Dessa vez, em apenas sete dias despencou sobre o estado um volume de água equivalente ao de cinco semanas de chuva na catástrofe anterior.
Suficiente para que o Guaíba ignorasse contenções e atingisse o nível recorde de 5,35 metros. “Uma verdadeira bomba atômica da natureza explodiu sobre o Rio Grande do Sul”, resumiu o vice-presidente do STF, o gaúcho Edson Fachin.
“Tínhamos a cheia de 1941 como o pior que poderia ter acontecido”, diz Estael Sias, da MetSul, mestre em meteorologia.
A meteorologista, mais uma entre os desabrigados – na sua casa, em Canoas, a água chegou a dois metros e meio de altura – faz uma previsão alarmante: o fenômeno tem forte chance de ser sucedido por um evento similar, capaz de romper o choque entre as bolhas de ar frio e quente que o causou, mas com a espingarda atmosférica apontada para Sudeste e o Centro-Oeste do País.
No segundo semestre, espera-se a ação do La Niña, fenômeno de resfriamento das águas do Oceano Pacífico, oposto ao atual El Niño, que aquece as águas superficiais na Linha do Equador e na metade alta do Brasil, causando chuvas intensas no Nordeste e estiagem, com seca, no Sul. “É o novo normal – e devemos encará-lo assim. Precisamos repensar gestão pública, riscos, prevenção e forma de nos preparar. Enfim, como vamos viver daqui para frente”.

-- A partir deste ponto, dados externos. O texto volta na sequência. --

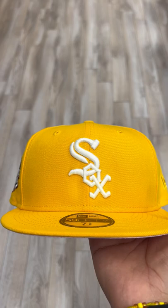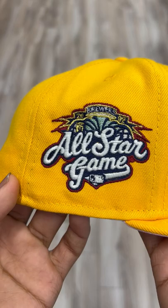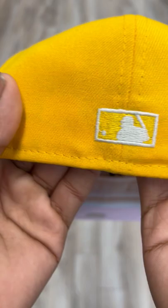What's going on guys, Jason from Ecap City here. I got this clean Chicago White Sox cap for you guys — this nice bright yellow. Let's get straight to it. The logo does glow in the dark, which is a cool feature, and this is the 2002 All-Star Game side patch, which also glows in the dark.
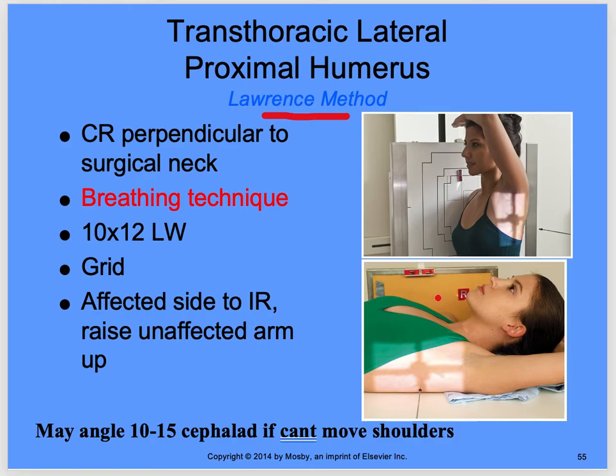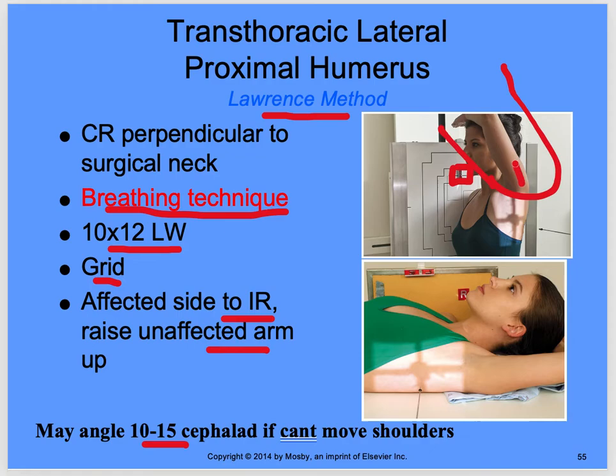Transthoracic lateral proximal humerus — the Lawrence method. We're going through the thoracic cavity, so it's going to be a breathing technique with a long exposure time of about two to three seconds. Your central ray is perpendicular to the surgical neck — this is not mid humerus, it's a little higher because you're doing just the shoulder. Make sure your marker is in the light field. Use a 10 by 12 lengthwise with a grid. The affected side is to the image receptor, and raise the unaffected arm up as much as possible out of the way.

A ironia feita da combinação de eventos climáticos extremos, negacionismo, inconsequência de parte da sociedade e falta de ação dos poderes públicos transformou Estael, a um só tempo, em especialista e vítima da maior tragédia ambiental da história de seu estado.

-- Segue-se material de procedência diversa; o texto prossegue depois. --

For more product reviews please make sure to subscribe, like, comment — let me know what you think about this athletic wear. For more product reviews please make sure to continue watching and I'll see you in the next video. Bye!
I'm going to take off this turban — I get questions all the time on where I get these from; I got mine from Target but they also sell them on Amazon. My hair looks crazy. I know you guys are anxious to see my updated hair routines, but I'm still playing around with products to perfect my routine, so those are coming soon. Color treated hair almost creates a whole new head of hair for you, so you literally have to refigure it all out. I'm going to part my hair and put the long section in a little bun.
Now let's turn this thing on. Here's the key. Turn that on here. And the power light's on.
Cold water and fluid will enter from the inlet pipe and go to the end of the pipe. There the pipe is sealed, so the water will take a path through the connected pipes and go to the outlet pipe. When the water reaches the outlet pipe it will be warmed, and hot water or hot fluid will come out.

• Ela está entre os 164.583 desalojados pela enchente.
• As águas destruíram imóveis, carros, árvores, muros e o que mais estava à frente em 425 dos 497 municípios gaúchos, 85,5% do total.
• Há 107 mortes confirmadas, uma em investigação, 136 desaparecidos, 374 feridos e 67,5 mil em abrigos. Dos 11,3 milhões de habitantes do estado, 1,48 milhão foram afetados, de acordo com dados apurados até a tarde de quinta-feira (9).
Plano Marshall
Outro ponto preocupante: como se verá adiante, a tragédia ainda está em pleno curso (leia quadro).
• “Cidades inteiras deverão mudar de lugar”, insiste o ecólogo Marcelo Dutra da Silva, professor da Universidade Federal do Rio Grande (FURG).
• “O que aconteceu é um aviso: a Terra está cobrando”, destacou o presidente Luiz Inácio Lula da Silva.
• “Os cálculos iniciais das nossas equipes técnicas indicam que serão necessários, pelo menos, R$ 19 bilhões para a reconstrução”, calcula o governador do estado, Eduardo Leite, que sugeriu um “novo Plano Marshall” (projeto americano de reconstrução da Europa após a Segunda Guerra, orçado em 13 bilhões de dólares em 1948) para recuperar o estado.
Após sobrevoar áreas atingidas, Lula garantiu que não faltarão recursos. Na manhã de quinta-feira (9), ao lado do presidente do STF, Luis Roberto Barroso, do presidente da Câmara, Arthur Lira, e de Lula, o ministro da Fazenda, Fernando Haddad, anunciou um pacote de recuperação das empresas e de financiamentos, a juros subsidiados, para reconstrução de residências.
As medidas, disse Haddad, incluem antecipação de pagamento do Bolsa Família e auxílio gás, além de restituição do imposto de renda para moradores. Elas terão impacto de R$ 7,69 bilhões nos cofres do governo e deverão, nas contas do ministro, injetar pelo menos R$ 50 bilhões no estado.
Com a declaração de calamidade pública, o dinheiro a ser enviado ficará fora do crivo do arcabouço fiscal e do teto de gastos.
O governo gaúcho e a ministra do Planejamento e Orçamento, Simone Tebet, aguardam o retorno das águas aos níveis normais para constatar os danos e calcular o custo dos reparos.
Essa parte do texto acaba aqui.